The distinction maps to a general design principle: explicit invocation for expensive operations, automatic invocation for ambient capabilities. You don't want Claude auto-running a ten-minute codebase exploration every time you open a session. You want to choose when to pay that cost. But you do want it to automatically load an existing trace when it's relevant.
This meant /trace (the generator) is a command, but trace-loading (the consumer) lives in CLAUDE.md as a behavioral instruction: "Before exploring unfamiliar code, check .traces/ first."
The Devlog Problem: Categories Kill Chronology
With /trace working, I realized sessions needed a symmetric tool -- something to capture what happened, not just what the codebase looks like. I wrote /devlog.
The first draft organized output into rolled-up categories: Problem, Approaches Considered, What Didn't Work, Solution, Key Learnings. Clean taxonomy. Terrible for recall.
The feedback was immediate: "less rolling up into categories, more linear as it happened." Categories strip the causal chain. You lose the moment where fixing the health check revealed the fetch failure, because those get sorted into different buckets. Chronological headers preserve causation:
## Starting Point
{what we had, what we wanted}
## {First thing we tried}
{actual output/error}
{what this told us}
## {Next thing that happened}
...
## Where We Landed
{what shipped, what changed}Headers reflect what actually happened, not generic labels. "Health Check Passes But Fetches Fail" tells you more than "Problem #2." This is the same insight that makes git commit messages better as narratives than as categories -- the sequence is the explanation.
The Meta-Pattern
Building tools to cache understanding taught me something about the understanding itself. The trace command works because architectural knowledge has a specific shape: it's spatial (components and their relationships), hierarchical (layers of abstraction), and surprisingly stable (the database schema changes less often than the API handlers).
That shape determines the format. Mermaid diagrams aren't a stylistic choice -- they're the natural encoding for spatial-hierarchical knowledge. Prose is better for decisions and trade-offs. Code blocks are better for interface contracts. A good trace uses all three, each where it fits.
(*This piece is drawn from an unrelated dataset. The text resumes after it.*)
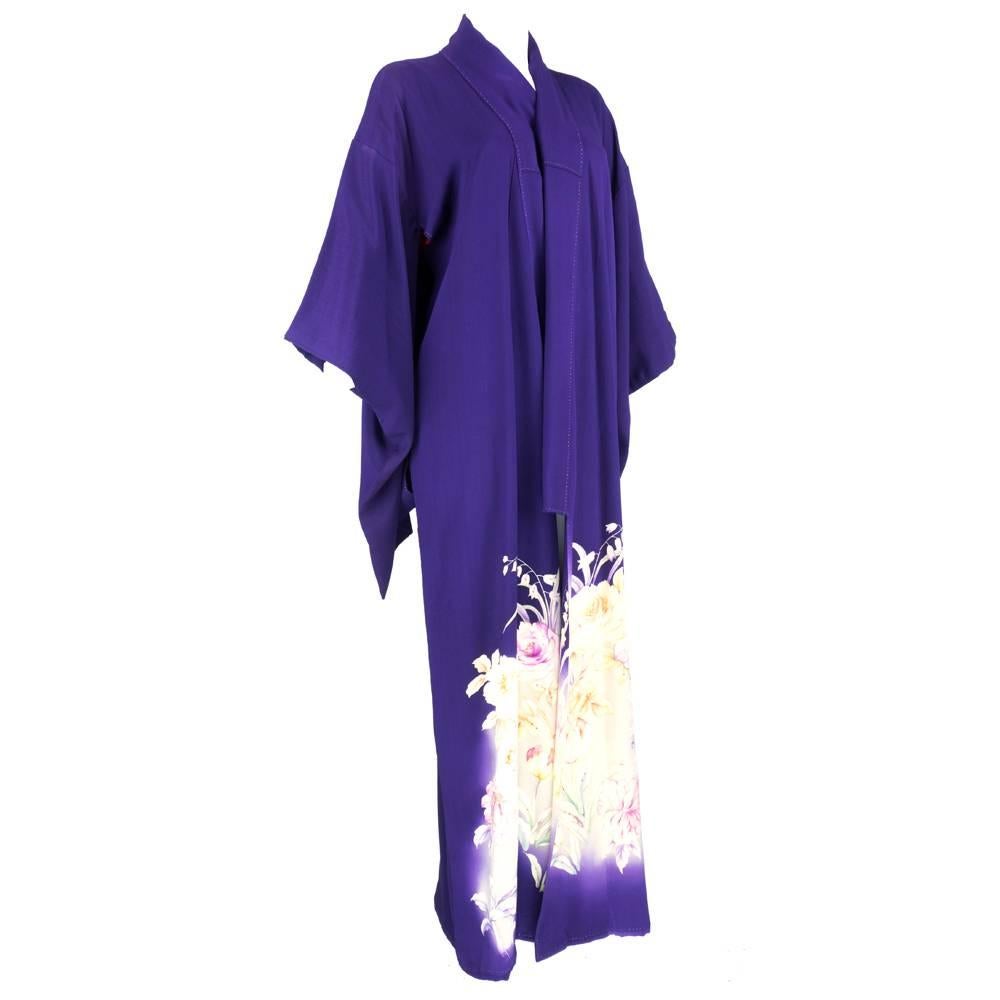 Simple yet stunning Japanese kimono in purple silk with floral print around lower half. Light embroidery enhances print. Beautiful workmanship. Lined in vibrant red.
The /devlog command works because session knowledge has a different shape: it's temporal, causal, and volatile. You need the sequence to understand why things ended up where they did. Strip the sequence and you have a FAQ. Keep it and you have a story that future-you can actually follow.
| Tool | Knowledge shape | Format | Invocation |
|---|---|---|---|
/trace | Spatial, hierarchical, stable | Mermaid + prose + interfaces | Explicit (expensive to generate) |
/devlog | Temporal, causal, volatile | Chronological narrative | Explicit (captures session context) |
| CLAUDE.md | Declarative, prescriptive | Instructions + conventions | Automatic (always loaded) |
Three tools, three knowledge shapes, three invocation patterns. The design followed from the shape of what each one caches -- not from the storage mechanism, which is just markdown files in every case. The real design problem was never "where to put the file." It was understanding what kind of knowledge you're trying to preserve.